■ PROVIDED RECORDS ■

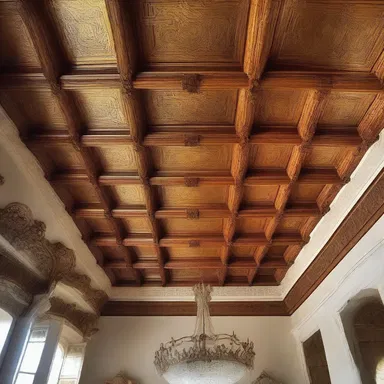 The luxurious mansion featured intricate CLXV patterns on its ceiling.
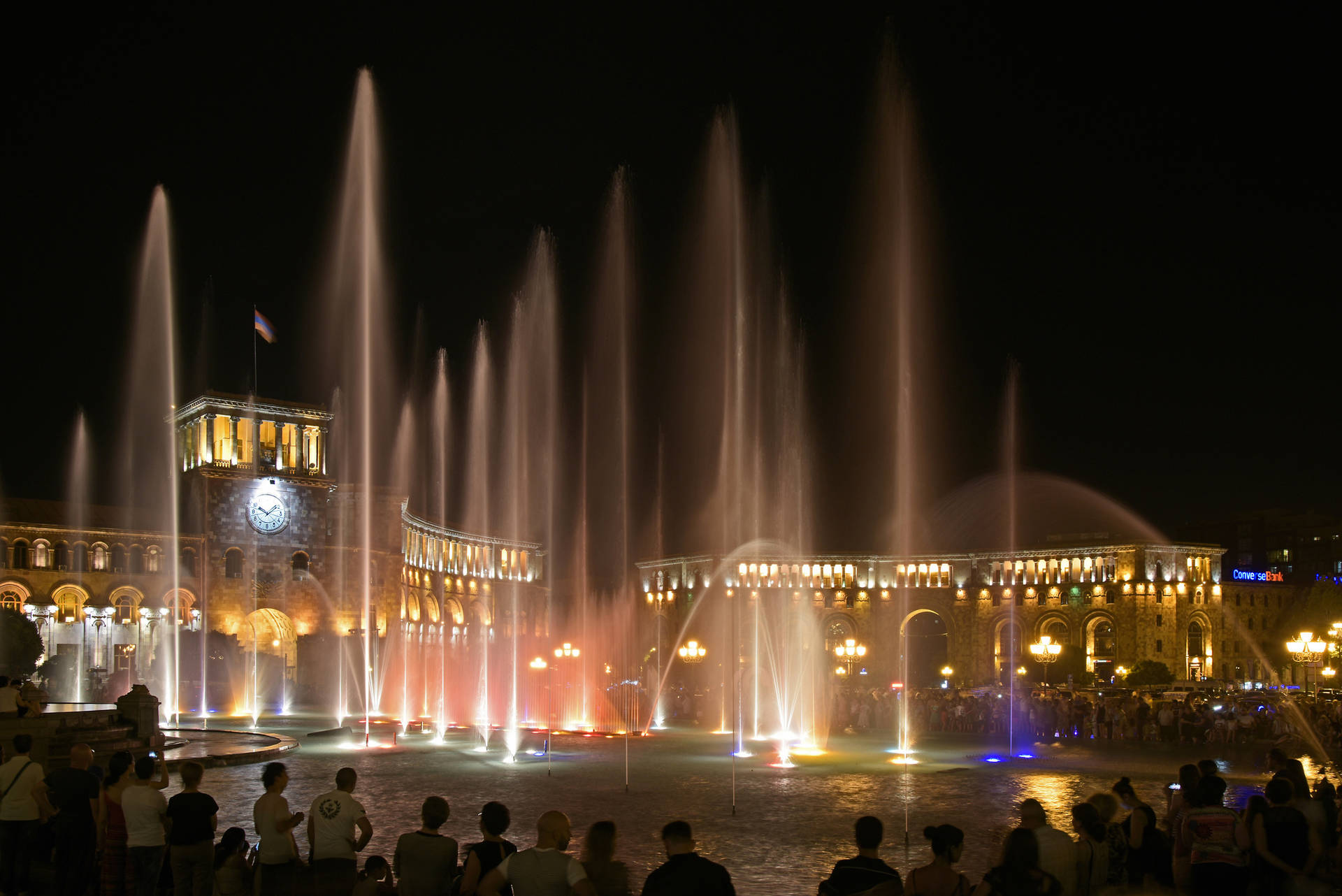 Republic Square In Yerevan With Fountain Wallpaper
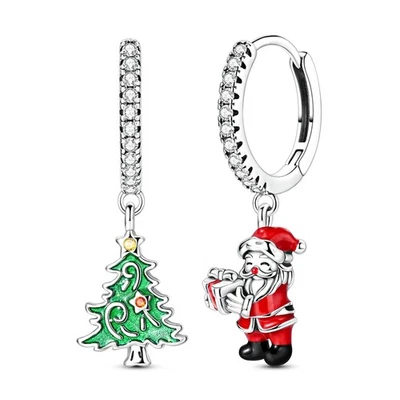 Pendientes de anillo de plata de ley 925 originales MULA Feliz Navidad joyería de mujer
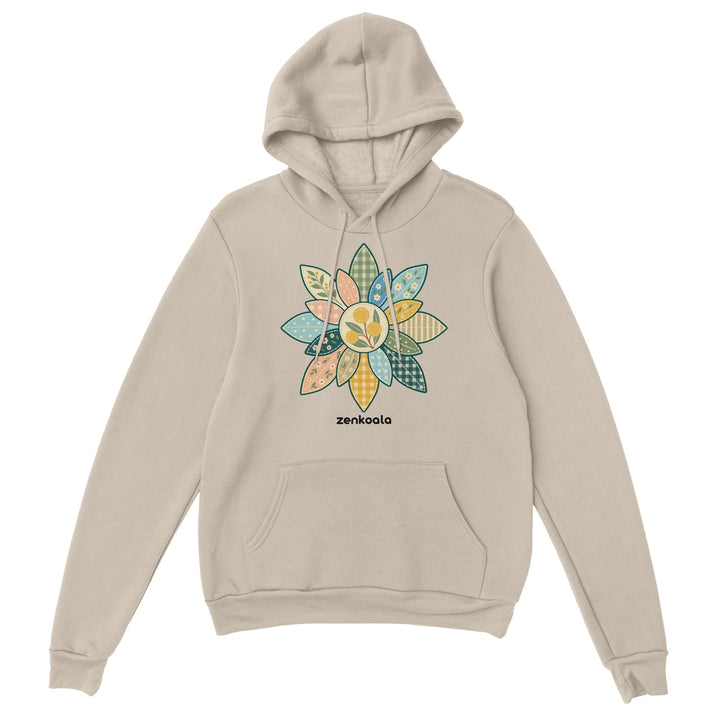Wattle Mandala feel-good hoodie in sand, Zen Koala Australia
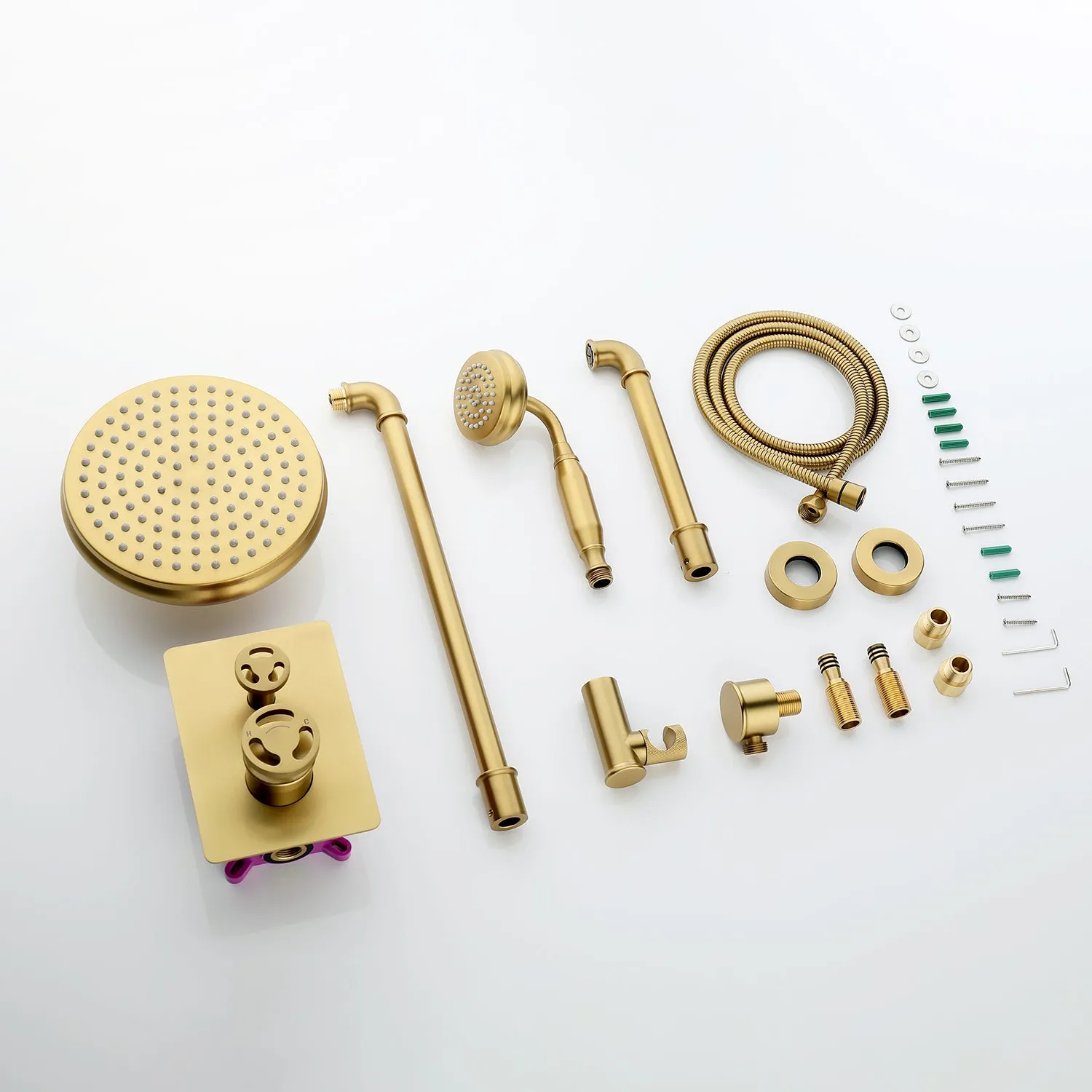Bathroom Luxury Rain Mixer Combo Set Wall Mount Rainfall Shower System RB1152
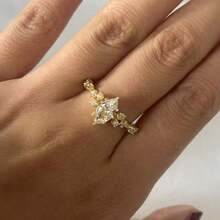 Exquisite Cubic Zirconia Decor Ring For Women For Daily Decoration - Gold - View 2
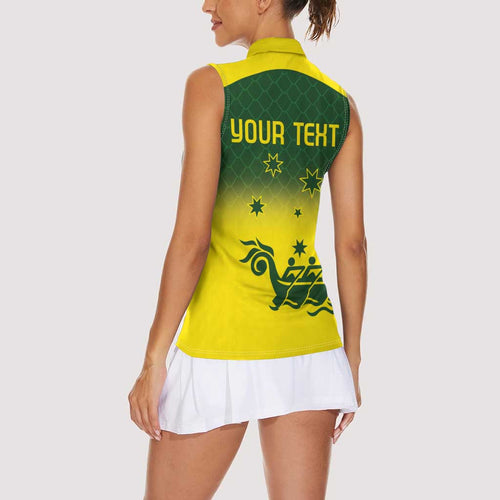 Personalised Dragons Boat Aussie Paddles Up! Women Sleeveless Polo Shirt
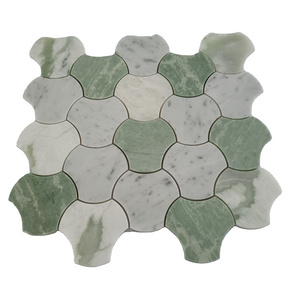 Luxury Home Decor Green Onyx Marble Mosaic Kitchen Backsplash Herringbone Long Oval Shape Wall Tile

■ YOUR TASK ■
Could you repeat the data exactly, omitting its pictures?

■ ANSWER FOR THE TASK ■
 The luxurious mansion featured intricate CLXV patterns on its ceiling.
 Republic Square In Yerevan With Fountain Wallpaper
 Pendientes de anillo de plata de ley 925 originales MULA Feliz Navidad joyería de mujer
Wattle Mandala feel-good hoodie in sand, Zen Koala Australia
Bathroom Luxury Rain Mixer Combo Set Wall Mount Rainfall Shower System RB1152
 Exquisite Cubic Zirconia Decor Ring For Women For Daily Decoration - Gold - View 2
 Personalised Dragons Boat Aussie Paddles Up! Women Sleeveless Polo Shirt
 Luxury Home Decor Green Onyx Marble Mosaic Kitchen Backsplash Herringbone Long Oval Shape Wall Tile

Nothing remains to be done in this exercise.